* [Description of the task] In the data below, locate the line containing "Thủ tướng Phạm" and the line containing "Building Photo - 6000 Canterbury Dr", then retype both and everything between them exactly. Pictures are not part of the copy.

* [Data extracts]
──────

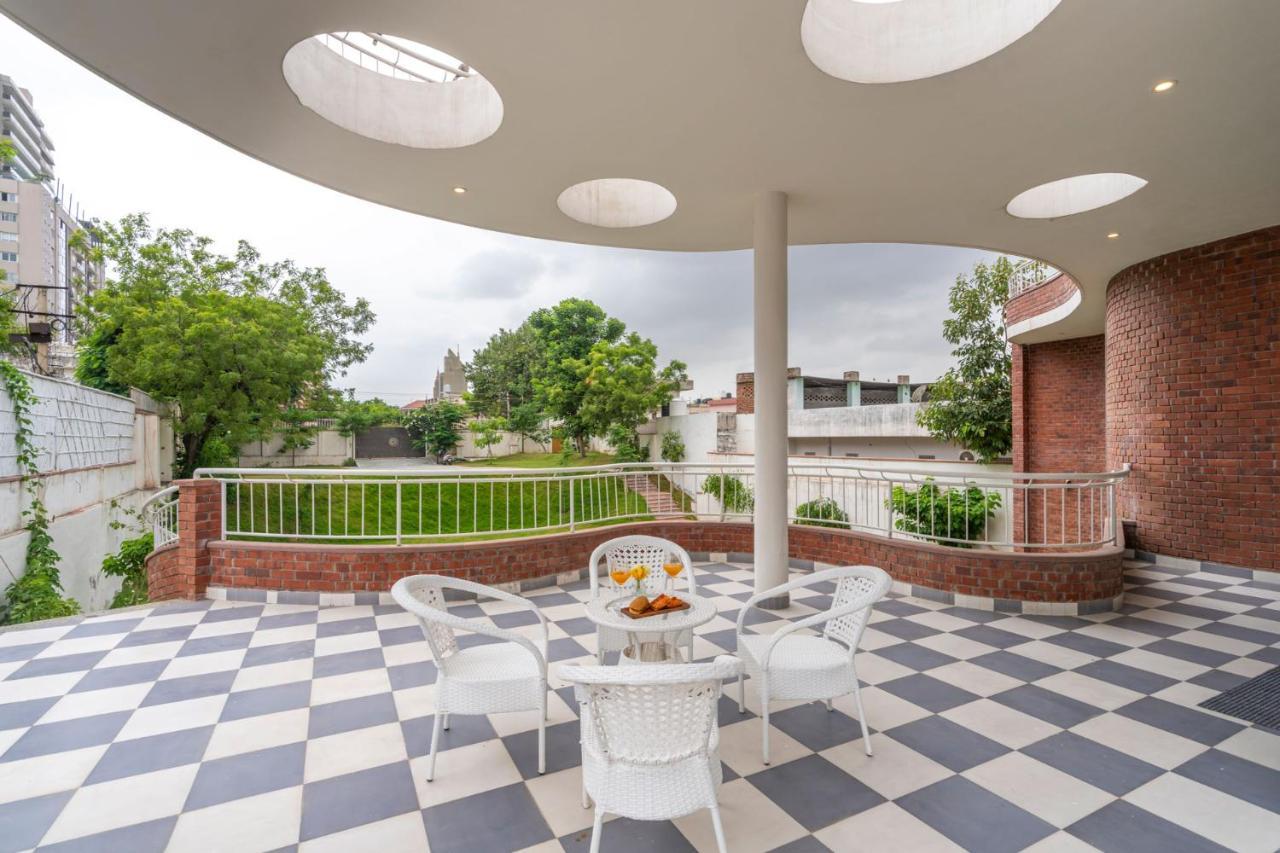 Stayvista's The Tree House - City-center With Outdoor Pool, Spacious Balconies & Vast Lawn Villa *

──────

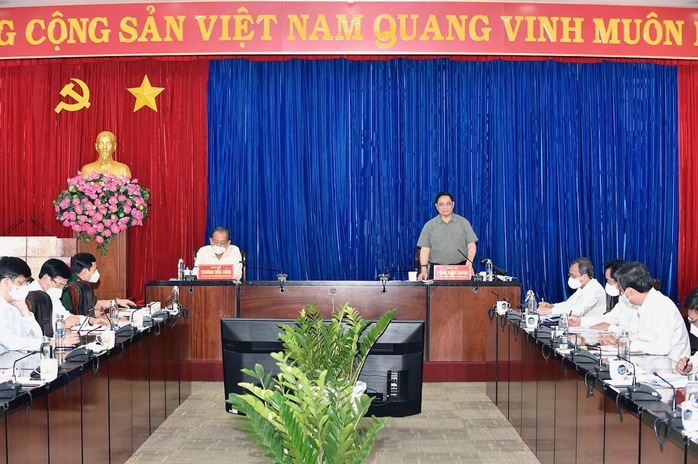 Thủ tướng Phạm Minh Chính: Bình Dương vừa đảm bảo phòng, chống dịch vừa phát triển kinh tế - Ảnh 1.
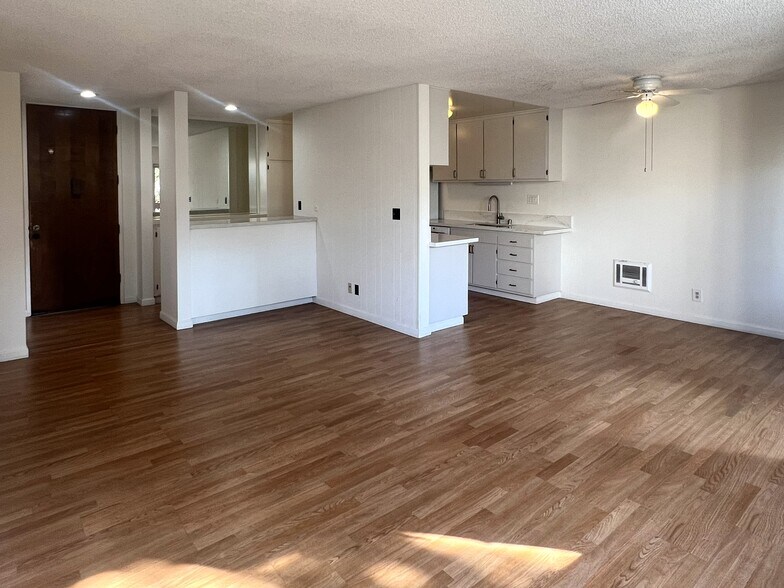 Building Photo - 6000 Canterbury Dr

──────

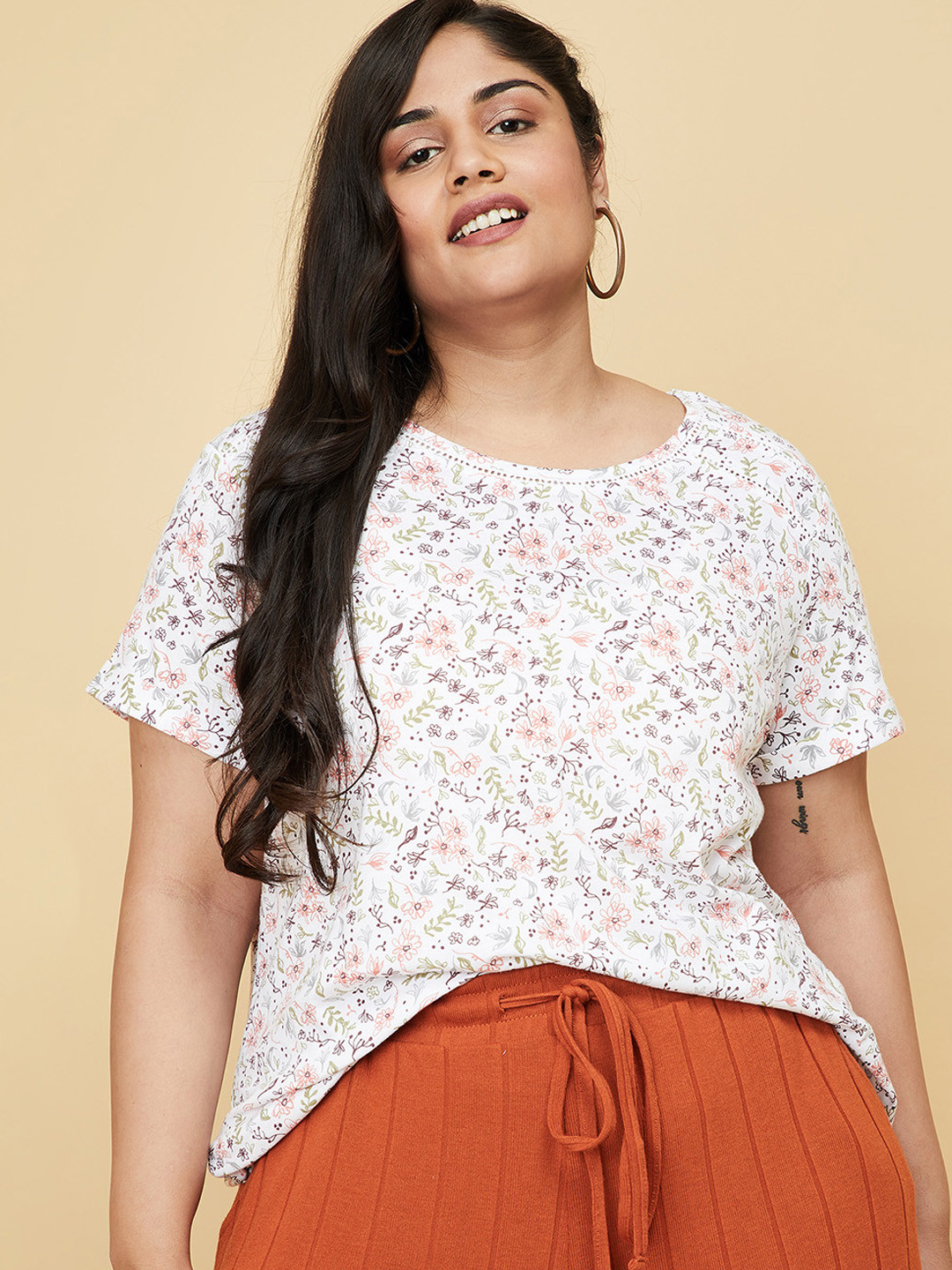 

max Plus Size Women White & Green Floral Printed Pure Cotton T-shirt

──────

* [Exercise response]
 Thủ tướng Phạm Minh Chính: Bình Dương vừa đảm bảo phòng, chống dịch vừa phát triển kinh tế - Ảnh 1.
 Building Photo - 6000 Canterbury Dr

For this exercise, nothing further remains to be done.